1470 yılında sancak beyliği küçük yaşta Şehzade Abdullah'a verilmiş; Abdullah, annesi Şirin Hatunla birlikte 1479 yılına kadar Trabzon'da yaşamıştır. Yavuz Sultan Selim de şehzadeliği sırasında (1491-1512) Trabzon'da Sancak Beyi olarak bulunmuş, sonradan Kanuni unvanı alacak olan oğlu Sultan Süleyman burada doğmuştur.
Trabzon sancağı 1582 yılında merkezi Batum olan Lazistan Sancağı ile birleştirilerek eyalete dönüştürülmüş ve Trabzon bu yeni idari birimin merkezi olmuştur[25].

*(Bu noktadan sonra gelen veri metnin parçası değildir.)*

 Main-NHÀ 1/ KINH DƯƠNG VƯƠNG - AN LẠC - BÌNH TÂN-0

1867 yılında Trabzon'da büyük bir yangın çıkmış, birçok kamu binası da bu sırada yanmış ve kent daha sonra yeniden düzenlenmiştir.
1868 yılında vilayet olmuş, merkez sancağı dışında Lazistan, Gümüşhane, Canik Sancakları da buraya bağlanmıştır. I. Dünya Savaşı sırasında, Ruslar Trabzon'a saldırır (14 Nisan 1916). Türk nüfusun boşalttığı şehre 18 Nisan'da Rus ordusu girmiş ve Trabzon 24 Şubat 1918'e kadar Rus hakimiyetinde kalmıştır.

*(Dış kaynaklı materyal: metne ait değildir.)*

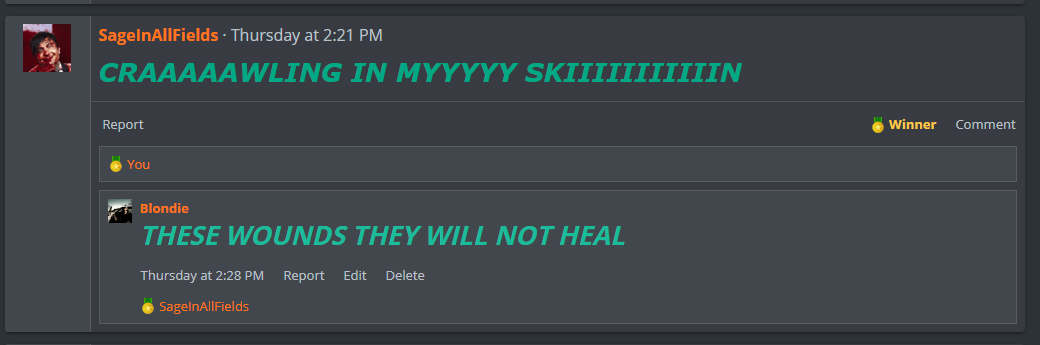 1601740249591.png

Atatürk, Cumhuriyet döneminde Trabzon'a üç kez gelir: 1924, 1930 ve 1937 yıllarında. İlk geldiği 15 Eylül 1924 günü, Trabzonlularca “Atatürk Günü” olarak kabul edilir ve bu kendisine bir telle bildirilir.
1949 yılında 5442 sayılı İl İdaresi Kanunu uygulamasıyla Anadolu'da bulunan 78 bin civarındaki yerleşim adından 28 bin kadarının adı Türkçe olmadığı gerekçesiyle değiştirilmiş olup büyük bölümü Romeika olan Trabzon köy adları da değiştirilerek yerlerine Türkçe isimler konulmuştur.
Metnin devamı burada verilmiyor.